_Data excerpt_

Start of Block

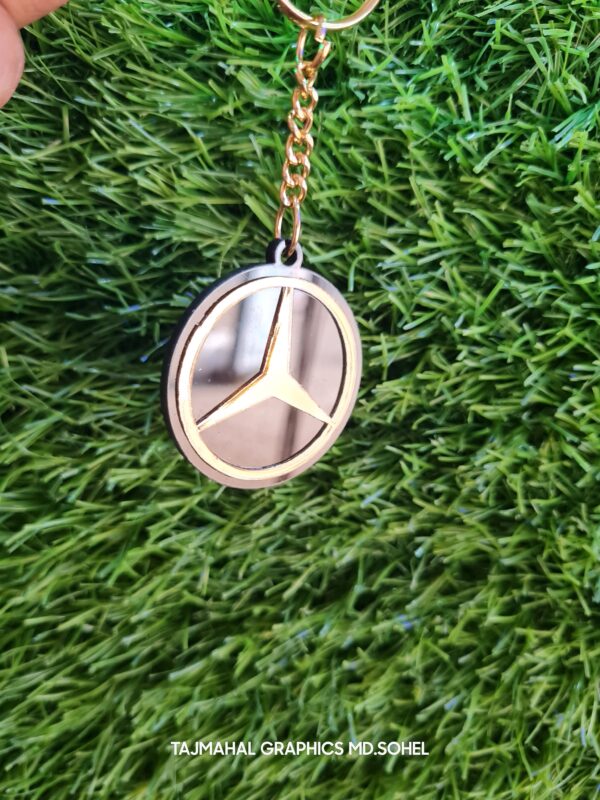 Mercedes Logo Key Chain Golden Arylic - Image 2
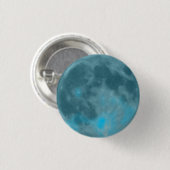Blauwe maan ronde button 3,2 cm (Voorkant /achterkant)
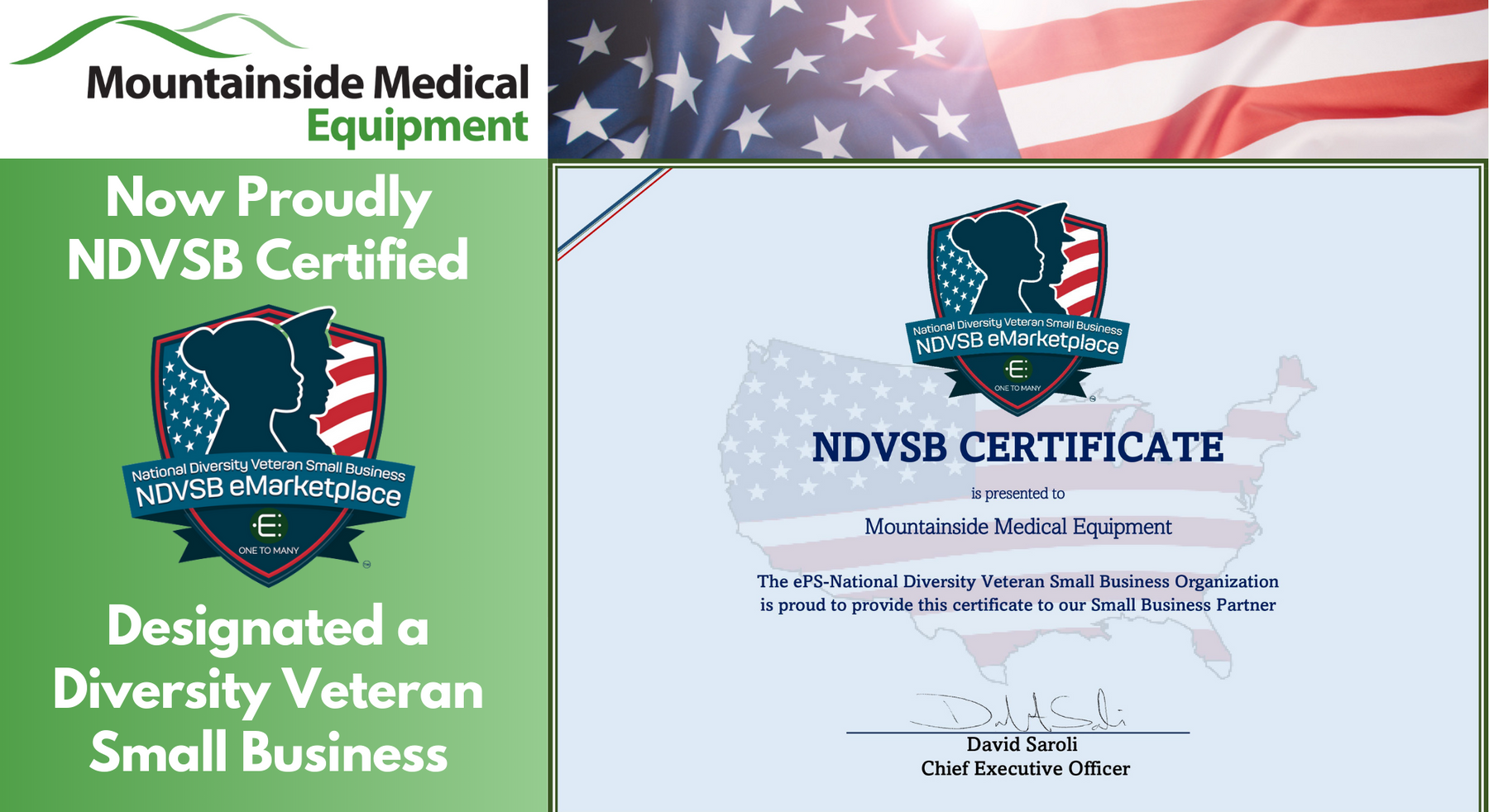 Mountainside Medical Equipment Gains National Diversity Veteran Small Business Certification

End of Block

_Goal of the exercise_
Once more, give the listing above exactly, leaving each picture out.

_Exercise solution_
 Mercedes Logo Key Chain Golden Arylic - Image 2
Blauwe maan ronde button 3,2 cm (Voorkant /achterkant)
 Mountainside Medical Equipment Gains National Diversity Veteran Small Business Certification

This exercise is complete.